As society increasingly expects corporations, large and small, to generate positive social impact alongside profits, many entrepreneurs and executives are incorporating their companies as, or converting to, Public Benefit Corporations (“PBCs”).  As discussed in our articles for VC Experts—“Can I Raise Venture Capital as a PBC?” and “What are My Exit Options as a PBC?”—a PBC is a legal corporate form created by the state of Delaware in 2013 that, among other things, codifies a company’s social mission. Most significantly, a PBC allows a board of directors to make business decisions based not just on the economic interest of the corporation’s shareholders (as required by the traditional C-Corporation corporate form), but based also on the PBC’s mission, which may focus on the interests of those materially affected by the corporation’s conduct, including employees, customers, communities and the environment. With early-stage investors onboard with the PBC corporate form, the public markets are following suit.  PBCs are now successfully going public with IPOs; a public C-Corporation converted to a PBC for the first time last month; and a PBC going public via a SPAC for the first time is just a matter of when, not if. 

It took four years from the launch of the PBC corporate form for the first PBC to go public, when Laureate Education, a for-profit higher education company, sold $490 million of its shares in an IPO in 2017. But perhaps because of the current state of the world, the momentum has recently picked up. In July 2020, for instance, two more PBCs successfully went public with IPOs: an insurance startup called Lemonade, which sold $319 million of its shares, and a pasture-raised egg brand called Vital Farms, which sold $204 million of its shares. In both cases, the public markets accepted—and even celebrated—each company’s status as a PBC.  

At the same time, in July 2020, the state of Delaware, in an acknowledgment of the corporate form’s growing popularity and acceptance, amended the PBC statute to make it easier for a C-Corporation—private or public—to convert into a PBC by (a) reducing the requisite supermajority shareholder vote to convert to a PBC to a simple majority, and (b) eliminating shareholder appraisal rights (i.e., the opportunity for shareholder to monetize their unlisted shares upon conversion). It is thus not surprising that, in January 2021, a publicly traded cloud-computing solutions company, Veeva Systems (“Veeva”), announced that shareholders representing more than 99% of its capitalization voted to convert to a PBC. This represents the first time a public company has converted to a PBC, clearing the path for other mission-driven public companies to do the same in the future.

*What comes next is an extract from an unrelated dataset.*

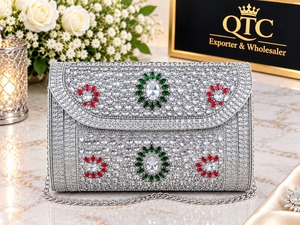 Bolso de mano plateado con pedrería floral, cartera de noche con correa de cadena, mini bolso con forro de terciopelo y cierre para fiesta de bodas - Product Image 1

In the Dec. 8, 2020 Forbes article, “Publicly Traded Tech Company Believes Formalizing Stakeholder Governance Will Bring Shareholder Success”, Professor Christopher Marquis (who just published the terrific book “Better Business: How the B Corp Movement is Remaking Capitalism”) interviewed Josh Faddis, senior vice president and general counsel of Veeva, about Veeva’s intent to convert to a PBC. “We met with our top 20 investors, other influencers, and proxy advisory firms,” explained Faddis. “For a significant cross-section of investors—especially those that are more ESG-focused, that have been thinking about multi-stakeholder-ism, or writing about the importance of purpose—I would describe the reaction as almost pent-up demand. There was almost a sense of relief—finally someone’s doing this. That was a pretty significant proportion of the shareholders that we spoke to.”

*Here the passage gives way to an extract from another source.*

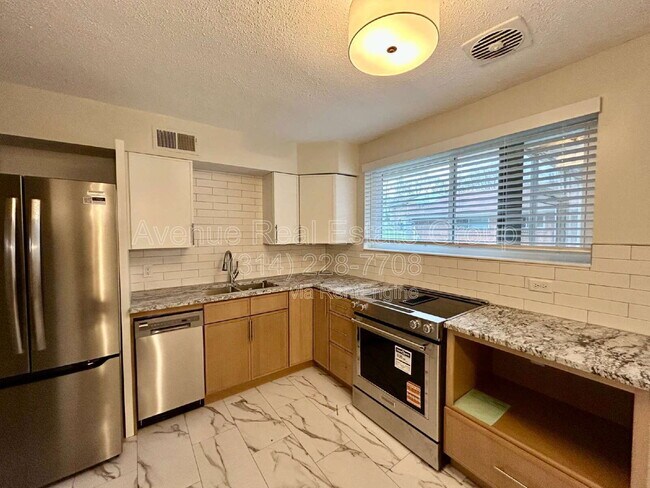 Foto del edificio - 1411 Midland Blvd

It seems almost certain that PBCs will soon also start going public through Special Purpose Acquisition Companies or “SPACs,” which have forcefully reemerged as an alternative IPO strategy for companies interested in gaining access to capital. For instance, SPACs have raised $38.3 billion since the start of 2021, compared to $19.8 billion raised by traditional IPOs. No PBC has gone public via a SPAC yet, but it’s only a matter of time considering the parallel surge of SPACs and mission-driven companies. Any PBC going public via a SPAC, however, will, like a PBC going public through a traditional IPO, have to carefully draft its public filings to clearly describe not only the opportunities of the PBC form, but also the associated risk factors, such as potential shareholder derivative litigation to enforce the social mission or the potential adverse impact to the PBC’s reputation if it fails to achieve its social mission.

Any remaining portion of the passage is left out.